§ **Material to process**:
####################
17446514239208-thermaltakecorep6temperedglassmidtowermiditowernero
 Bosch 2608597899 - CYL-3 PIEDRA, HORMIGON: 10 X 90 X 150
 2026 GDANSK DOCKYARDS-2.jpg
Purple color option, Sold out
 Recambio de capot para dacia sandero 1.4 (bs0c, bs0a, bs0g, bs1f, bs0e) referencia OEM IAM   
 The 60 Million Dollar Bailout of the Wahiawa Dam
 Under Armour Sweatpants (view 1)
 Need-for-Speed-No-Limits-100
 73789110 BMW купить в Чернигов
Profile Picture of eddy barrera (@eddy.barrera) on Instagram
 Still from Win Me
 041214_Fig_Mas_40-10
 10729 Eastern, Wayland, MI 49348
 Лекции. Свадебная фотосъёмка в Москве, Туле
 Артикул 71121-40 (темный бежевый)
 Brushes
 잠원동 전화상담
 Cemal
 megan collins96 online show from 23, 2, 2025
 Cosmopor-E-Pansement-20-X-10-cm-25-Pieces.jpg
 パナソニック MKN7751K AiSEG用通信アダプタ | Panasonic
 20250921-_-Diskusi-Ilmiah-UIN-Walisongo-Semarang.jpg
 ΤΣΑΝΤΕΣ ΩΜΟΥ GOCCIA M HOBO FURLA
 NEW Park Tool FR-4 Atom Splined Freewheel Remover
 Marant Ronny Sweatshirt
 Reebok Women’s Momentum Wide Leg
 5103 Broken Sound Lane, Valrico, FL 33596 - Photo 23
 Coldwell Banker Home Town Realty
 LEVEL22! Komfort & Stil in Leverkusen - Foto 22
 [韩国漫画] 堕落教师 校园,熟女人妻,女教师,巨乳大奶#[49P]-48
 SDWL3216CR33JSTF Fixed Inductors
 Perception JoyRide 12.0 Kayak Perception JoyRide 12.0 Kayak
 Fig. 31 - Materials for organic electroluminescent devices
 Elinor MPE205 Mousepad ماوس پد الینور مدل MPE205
####################
§ **Task prompt**:
All of the material, restated exactly, is the expected result.

§ **Answer space**:
17446514239208-thermaltakecorep6temperedglassmidtowermiditowernero
 Bosch 2608597899 - CYL-3 PIEDRA, HORMIGON: 10 X 90 X 150
 2026 GDANSK DOCKYARDS-2.jpg
Purple color option, Sold out
 Recambio de capot para dacia sandero 1.4 (bs0c, bs0a, bs0g, bs1f, bs0e) referencia OEM IAM   
 The 60 Million Dollar Bailout of the Wahiawa Dam
 Under Armour Sweatpants (view 1)
 Need-for-Speed-No-Limits-100
 73789110 BMW купить в Чернигов
Profile Picture of eddy barrera (@eddy.barrera) on Instagram
 Still from Win Me
 041214_Fig_Mas_40-10
 10729 Eastern, Wayland, MI 49348
 Лекции. Свадебная фотосъёмка в Москве, Туле
 Артикул 71121-40 (темный бежевый)
 Brushes
 잠원동 전화상담
 Cemal
 megan collins96 online show from 23, 2, 2025
 Cosmopor-E-Pansement-20-X-10-cm-25-Pieces.jpg
 パナソニック MKN7751K AiSEG用通信アダプタ | Panasonic
 20250921-_-Diskusi-Ilmiah-UIN-Walisongo-Semarang.jpg
 ΤΣΑΝΤΕΣ ΩΜΟΥ GOCCIA M HOBO FURLA
 NEW Park Tool FR-4 Atom Splined Freewheel Remover
 Marant Ronny Sweatshirt
 Reebok Women’s Momentum Wide Leg
 5103 Broken Sound Lane, Valrico, FL 33596 - Photo 23
 Coldwell Banker Home Town Realty
 LEVEL22! Komfort & Stil in Leverkusen - Foto 22
 [韩国漫画] 堕落教师 校园,熟女人妻,女教师,巨乳大奶#[49P]-48
 SDWL3216CR33JSTF Fixed Inductors
 Perception JoyRide 12.0 Kayak Perception JoyRide 12.0 Kayak
 Fig. 31 - Materials for organic electroluminescent devices
 Elinor MPE205 Mousepad ماوس پد الینور مدل MPE205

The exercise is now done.